“Ripe for abuse”: Real estate escrow funds may not be so secure after all

Case of landlord attorney Mitch Kossoff and the missing millions reveals lax oversight


Mitch Kossoff

Attorney Mitch Kossoff’s abrupt disappearance has left roughly $10 million in escrow funds unaccounted for.

Real estate lawyers routinely hold millions of dollars in escrow for their clients, serving as trusted third parties to ensure funds are delivered and deals close properly. The attorneys safeguard the money for days, weeks and sometimes years.

But how strong are the regulations preventing lawyers from looting that lockbox? Not very, it turns out.

“It’s ripe for abuse,” attorney Si Aydiner said. “There is an avenue for people to take advantage of this type of account if they want to.”
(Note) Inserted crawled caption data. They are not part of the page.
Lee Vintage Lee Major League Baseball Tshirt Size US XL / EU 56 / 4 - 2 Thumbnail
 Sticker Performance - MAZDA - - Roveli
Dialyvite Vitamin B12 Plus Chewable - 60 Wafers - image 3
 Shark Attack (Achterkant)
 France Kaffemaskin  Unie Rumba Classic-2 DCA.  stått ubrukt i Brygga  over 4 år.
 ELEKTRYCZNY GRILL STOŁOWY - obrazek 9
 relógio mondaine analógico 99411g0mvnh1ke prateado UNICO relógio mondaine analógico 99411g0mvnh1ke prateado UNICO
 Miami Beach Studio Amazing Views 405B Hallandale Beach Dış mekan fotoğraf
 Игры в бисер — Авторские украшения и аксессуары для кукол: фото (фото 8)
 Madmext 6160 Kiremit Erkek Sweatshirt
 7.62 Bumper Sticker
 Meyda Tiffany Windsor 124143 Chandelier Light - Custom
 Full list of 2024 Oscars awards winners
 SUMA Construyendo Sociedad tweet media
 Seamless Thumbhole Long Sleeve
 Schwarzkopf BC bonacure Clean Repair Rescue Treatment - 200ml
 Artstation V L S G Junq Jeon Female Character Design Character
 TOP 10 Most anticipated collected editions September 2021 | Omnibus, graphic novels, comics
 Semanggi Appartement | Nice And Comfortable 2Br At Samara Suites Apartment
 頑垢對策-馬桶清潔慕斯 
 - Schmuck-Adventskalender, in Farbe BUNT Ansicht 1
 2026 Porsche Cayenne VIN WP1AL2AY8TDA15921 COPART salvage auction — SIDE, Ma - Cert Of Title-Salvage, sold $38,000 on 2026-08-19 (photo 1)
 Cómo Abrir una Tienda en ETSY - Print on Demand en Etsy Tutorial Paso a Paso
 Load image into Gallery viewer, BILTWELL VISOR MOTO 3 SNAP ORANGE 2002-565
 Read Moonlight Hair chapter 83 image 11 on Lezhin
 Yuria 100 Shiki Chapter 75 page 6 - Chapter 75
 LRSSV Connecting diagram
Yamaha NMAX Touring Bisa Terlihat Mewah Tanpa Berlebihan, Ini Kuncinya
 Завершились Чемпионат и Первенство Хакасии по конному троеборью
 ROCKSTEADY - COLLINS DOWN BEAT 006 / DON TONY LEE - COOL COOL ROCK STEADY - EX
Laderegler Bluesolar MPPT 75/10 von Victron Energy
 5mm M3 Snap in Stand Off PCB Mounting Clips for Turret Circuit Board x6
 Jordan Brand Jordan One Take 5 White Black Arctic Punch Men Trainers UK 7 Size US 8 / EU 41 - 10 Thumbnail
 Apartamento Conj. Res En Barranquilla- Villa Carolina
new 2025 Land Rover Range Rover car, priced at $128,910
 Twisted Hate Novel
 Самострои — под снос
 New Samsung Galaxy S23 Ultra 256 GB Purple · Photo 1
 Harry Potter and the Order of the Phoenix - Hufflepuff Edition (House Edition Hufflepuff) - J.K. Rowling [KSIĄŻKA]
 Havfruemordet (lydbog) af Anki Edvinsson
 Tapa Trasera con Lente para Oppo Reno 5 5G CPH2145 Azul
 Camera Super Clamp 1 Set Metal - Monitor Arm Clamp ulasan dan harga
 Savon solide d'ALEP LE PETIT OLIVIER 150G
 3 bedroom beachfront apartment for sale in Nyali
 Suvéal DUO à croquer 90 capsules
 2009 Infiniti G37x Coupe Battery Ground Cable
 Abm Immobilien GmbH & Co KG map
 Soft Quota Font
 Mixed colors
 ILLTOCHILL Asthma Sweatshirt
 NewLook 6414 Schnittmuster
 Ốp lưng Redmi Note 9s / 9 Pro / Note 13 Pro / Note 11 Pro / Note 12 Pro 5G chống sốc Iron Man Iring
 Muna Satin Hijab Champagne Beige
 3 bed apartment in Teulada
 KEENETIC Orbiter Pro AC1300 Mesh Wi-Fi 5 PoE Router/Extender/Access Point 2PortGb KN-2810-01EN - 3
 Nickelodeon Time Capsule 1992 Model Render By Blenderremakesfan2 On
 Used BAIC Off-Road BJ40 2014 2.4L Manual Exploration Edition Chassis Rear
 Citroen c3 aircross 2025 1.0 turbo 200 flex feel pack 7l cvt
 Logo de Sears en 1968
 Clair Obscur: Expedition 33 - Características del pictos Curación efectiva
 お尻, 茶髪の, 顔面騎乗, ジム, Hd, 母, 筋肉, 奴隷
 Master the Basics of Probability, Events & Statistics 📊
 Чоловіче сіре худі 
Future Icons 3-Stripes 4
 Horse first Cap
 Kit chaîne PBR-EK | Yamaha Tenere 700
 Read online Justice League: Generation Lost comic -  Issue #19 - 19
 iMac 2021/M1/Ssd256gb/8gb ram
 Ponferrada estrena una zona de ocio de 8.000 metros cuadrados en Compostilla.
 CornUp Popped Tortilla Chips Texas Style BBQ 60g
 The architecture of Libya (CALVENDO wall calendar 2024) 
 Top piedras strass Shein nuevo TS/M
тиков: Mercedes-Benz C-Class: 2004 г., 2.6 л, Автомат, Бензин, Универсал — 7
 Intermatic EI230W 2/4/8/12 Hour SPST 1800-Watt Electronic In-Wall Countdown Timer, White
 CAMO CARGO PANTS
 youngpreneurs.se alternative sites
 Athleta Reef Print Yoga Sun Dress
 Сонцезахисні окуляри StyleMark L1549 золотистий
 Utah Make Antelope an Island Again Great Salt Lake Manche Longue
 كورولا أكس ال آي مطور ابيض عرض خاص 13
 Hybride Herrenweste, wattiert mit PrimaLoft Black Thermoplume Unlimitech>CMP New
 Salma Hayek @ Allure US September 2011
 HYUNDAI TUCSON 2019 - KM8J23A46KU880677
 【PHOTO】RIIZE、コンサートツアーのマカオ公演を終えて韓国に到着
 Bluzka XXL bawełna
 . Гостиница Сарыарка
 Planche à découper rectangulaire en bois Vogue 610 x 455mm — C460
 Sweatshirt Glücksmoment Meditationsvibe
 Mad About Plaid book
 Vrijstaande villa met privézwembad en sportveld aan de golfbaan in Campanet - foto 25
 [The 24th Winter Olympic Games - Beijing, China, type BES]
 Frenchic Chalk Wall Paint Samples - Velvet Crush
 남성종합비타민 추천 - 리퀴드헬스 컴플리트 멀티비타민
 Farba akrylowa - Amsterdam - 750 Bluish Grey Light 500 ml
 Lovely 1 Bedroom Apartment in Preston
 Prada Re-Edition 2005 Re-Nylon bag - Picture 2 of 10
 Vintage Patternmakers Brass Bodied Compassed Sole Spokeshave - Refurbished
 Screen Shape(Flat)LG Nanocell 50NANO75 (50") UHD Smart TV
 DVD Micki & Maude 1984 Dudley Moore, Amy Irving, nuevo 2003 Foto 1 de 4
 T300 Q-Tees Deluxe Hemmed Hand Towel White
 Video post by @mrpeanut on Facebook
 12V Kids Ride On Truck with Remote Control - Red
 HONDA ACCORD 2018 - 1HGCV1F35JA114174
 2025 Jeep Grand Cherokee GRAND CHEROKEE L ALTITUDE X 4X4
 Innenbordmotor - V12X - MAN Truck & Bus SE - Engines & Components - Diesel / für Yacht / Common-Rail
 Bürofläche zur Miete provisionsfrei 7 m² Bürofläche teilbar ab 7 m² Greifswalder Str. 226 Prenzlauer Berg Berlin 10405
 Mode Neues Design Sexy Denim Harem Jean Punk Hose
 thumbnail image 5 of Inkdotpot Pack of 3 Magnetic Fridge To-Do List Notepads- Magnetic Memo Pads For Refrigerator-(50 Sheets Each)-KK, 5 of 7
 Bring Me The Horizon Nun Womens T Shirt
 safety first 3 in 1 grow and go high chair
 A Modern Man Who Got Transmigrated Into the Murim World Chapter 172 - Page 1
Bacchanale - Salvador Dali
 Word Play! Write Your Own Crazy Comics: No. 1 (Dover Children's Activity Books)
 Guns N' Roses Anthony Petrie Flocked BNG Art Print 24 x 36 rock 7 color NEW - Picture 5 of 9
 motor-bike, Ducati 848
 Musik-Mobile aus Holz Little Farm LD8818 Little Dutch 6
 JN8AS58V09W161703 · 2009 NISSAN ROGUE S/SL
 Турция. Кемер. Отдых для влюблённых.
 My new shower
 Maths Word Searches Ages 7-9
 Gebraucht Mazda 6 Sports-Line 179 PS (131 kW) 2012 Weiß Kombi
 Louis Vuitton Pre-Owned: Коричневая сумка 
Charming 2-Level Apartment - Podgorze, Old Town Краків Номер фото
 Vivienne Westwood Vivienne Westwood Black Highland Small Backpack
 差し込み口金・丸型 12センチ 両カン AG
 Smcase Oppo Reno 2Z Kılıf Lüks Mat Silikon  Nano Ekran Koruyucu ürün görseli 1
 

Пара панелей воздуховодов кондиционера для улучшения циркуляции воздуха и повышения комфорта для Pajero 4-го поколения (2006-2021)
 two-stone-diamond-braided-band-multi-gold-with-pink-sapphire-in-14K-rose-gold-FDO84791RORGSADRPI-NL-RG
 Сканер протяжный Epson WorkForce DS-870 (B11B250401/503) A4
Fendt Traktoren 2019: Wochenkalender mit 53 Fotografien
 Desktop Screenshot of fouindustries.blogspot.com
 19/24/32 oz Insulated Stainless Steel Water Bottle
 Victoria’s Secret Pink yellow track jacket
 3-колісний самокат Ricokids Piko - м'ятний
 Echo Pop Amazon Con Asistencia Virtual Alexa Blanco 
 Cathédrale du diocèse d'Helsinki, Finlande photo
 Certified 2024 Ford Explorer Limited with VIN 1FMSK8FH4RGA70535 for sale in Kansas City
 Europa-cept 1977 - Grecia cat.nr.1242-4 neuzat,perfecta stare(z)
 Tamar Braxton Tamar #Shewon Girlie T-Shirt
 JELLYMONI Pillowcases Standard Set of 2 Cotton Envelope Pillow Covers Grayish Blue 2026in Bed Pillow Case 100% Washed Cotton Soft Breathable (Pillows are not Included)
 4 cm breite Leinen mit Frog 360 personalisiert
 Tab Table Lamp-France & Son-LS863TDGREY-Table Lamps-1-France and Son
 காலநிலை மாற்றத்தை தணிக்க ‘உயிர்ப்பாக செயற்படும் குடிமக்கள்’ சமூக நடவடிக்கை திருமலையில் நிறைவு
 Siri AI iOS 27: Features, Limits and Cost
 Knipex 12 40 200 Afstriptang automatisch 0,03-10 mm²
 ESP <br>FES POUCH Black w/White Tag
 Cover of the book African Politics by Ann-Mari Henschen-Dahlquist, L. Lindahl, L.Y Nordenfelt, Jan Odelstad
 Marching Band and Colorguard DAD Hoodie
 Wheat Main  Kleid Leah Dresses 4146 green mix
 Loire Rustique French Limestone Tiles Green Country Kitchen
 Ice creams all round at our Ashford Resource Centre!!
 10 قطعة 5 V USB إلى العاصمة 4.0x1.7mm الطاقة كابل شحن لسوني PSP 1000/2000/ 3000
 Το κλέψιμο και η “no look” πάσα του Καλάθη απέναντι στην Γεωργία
That’s exactly what happened in the case of New York real estate attorney Mitch Kossoff, at least 10 former clients contend. The multifamily landlords and real estate investors say Kossoff has failed to account for roughly $10 million of their money he held in escrow, The Real Deal first reported in April. Kossoff has been unreachable for weeks; the former clients are now suing in state and federal court with some trying to push his firm into bankruptcy. The Manhattan district attorney’s office is also said to be investigating.

The toughest laws, they said, are mostly punitive, not preventative.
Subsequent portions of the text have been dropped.